→ Working data:

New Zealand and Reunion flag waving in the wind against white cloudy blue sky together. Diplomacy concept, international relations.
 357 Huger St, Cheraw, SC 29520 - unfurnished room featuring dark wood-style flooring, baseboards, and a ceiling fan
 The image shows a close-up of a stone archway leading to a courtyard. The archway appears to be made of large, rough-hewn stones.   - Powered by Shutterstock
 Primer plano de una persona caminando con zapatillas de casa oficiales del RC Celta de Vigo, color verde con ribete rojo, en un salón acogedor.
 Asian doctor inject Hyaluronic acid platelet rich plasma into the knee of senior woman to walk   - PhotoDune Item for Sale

→ What to produce:
Print, without alteration, only the lines above between the one holding "357 Huger St, Cheraw, SC" and the one holding "The image shows", inclusive.

→ Answer for this exercise:
 357 Huger St, Cheraw, SC 29520 - unfurnished room featuring dark wood-style flooring, baseboards, and a ceiling fan
 The image shows a close-up of a stone archway leading to a courtyard. The archway appears to be made of large, rough-hewn stones.   - Powered by Shutterstock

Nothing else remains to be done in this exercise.